TASK TO CARRY OUT
I'd like the data below restated word for word, with the pictures left out.

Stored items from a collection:
┄┄┄┄┄┄┄┄┄┄

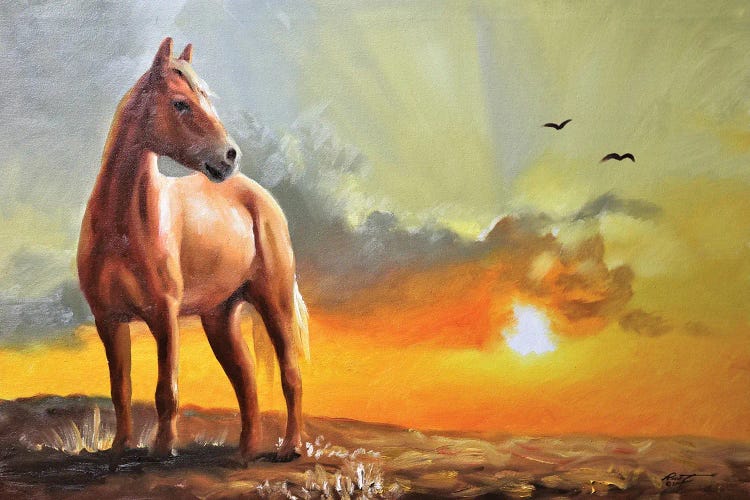 Horse by D. "Rusty" Rust wall art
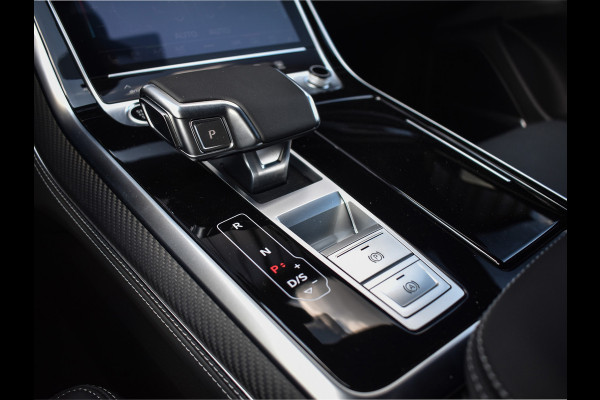 Audi Q8 60 TFSI e QUATTRO PRO LINE S COMPETITION | PANORAMADAK | 4 WIEL BESTURING | ALCANTARA HEMEL | AMBIANCE VERLICHTING | STOELMASSAG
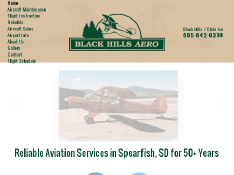 Aviation job opportunities with Black Hills Aero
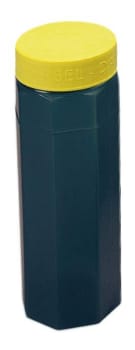 USON, kanylebeholder, kantet, sort/gult skruelåg, UN, 1 l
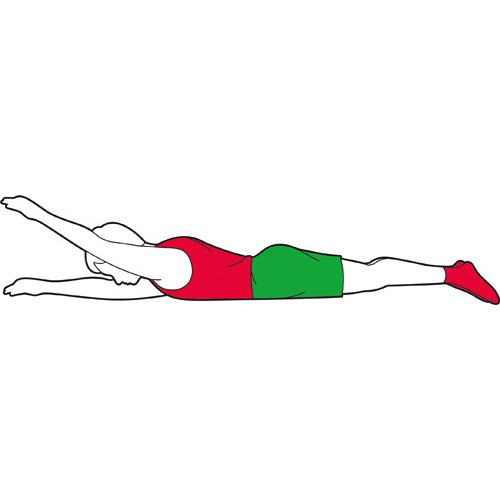 One Arm Raise Exercise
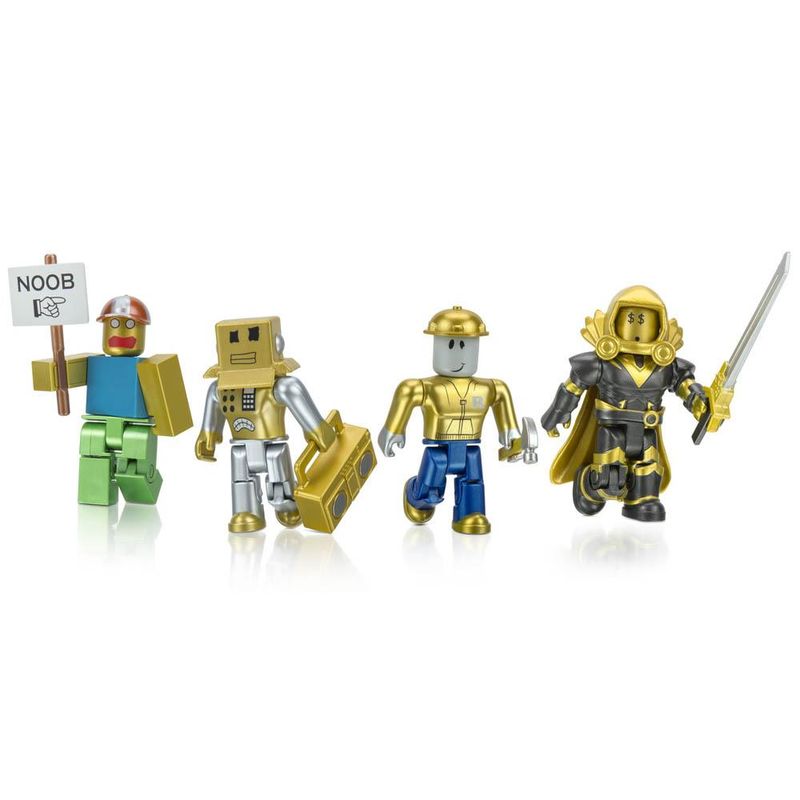 Mini-Figuras-Colecionaveis---Roblox---Gold-Collectors-Set---Sunny-2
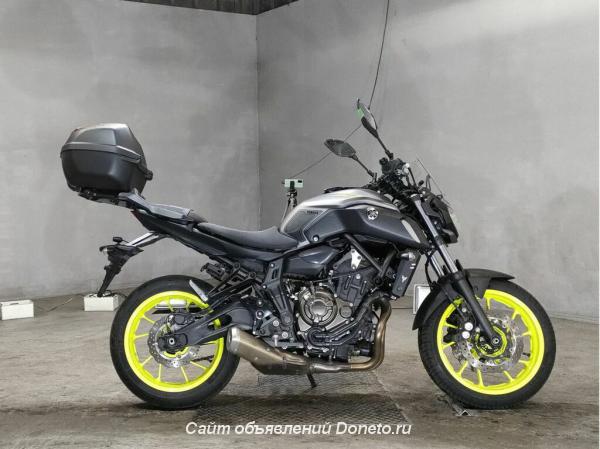 Мотоцикл naked bike Yamaha MT-07 рама RM19J модификация нэйкед байк ти ...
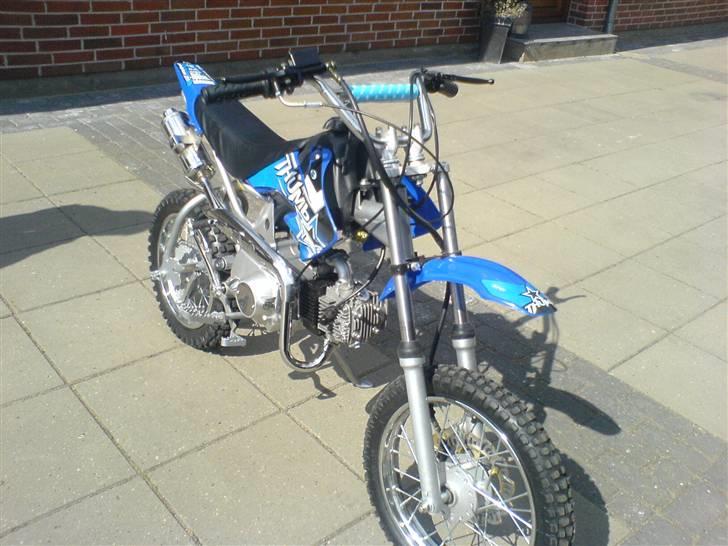 Thumpstar dirtbike 125cc billede 4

┄┄┄┄┄┄┄┄┄┄

EXERCISE RESPONSE
 Horse by D. "Rusty" Rust wall art
 Audi Q8 60 TFSI e QUATTRO PRO LINE S COMPETITION | PANORAMADAK | 4 WIEL BESTURING | ALCANTARA HEMEL | AMBIANCE VERLICHTING | STOELMASSAG
 Aviation job opportunities with Black Hills Aero
 USON, kanylebeholder, kantet, sort/gult skruelåg, UN, 1 l
 One Arm Raise Exercise
 Mini-Figuras-Colecionaveis---Roblox---Gold-Collectors-Set---Sunny-2
 Мотоцикл naked bike Yamaha MT-07 рама RM19J модификация нэйкед байк ти ...
 Thumpstar dirtbike 125cc billede 4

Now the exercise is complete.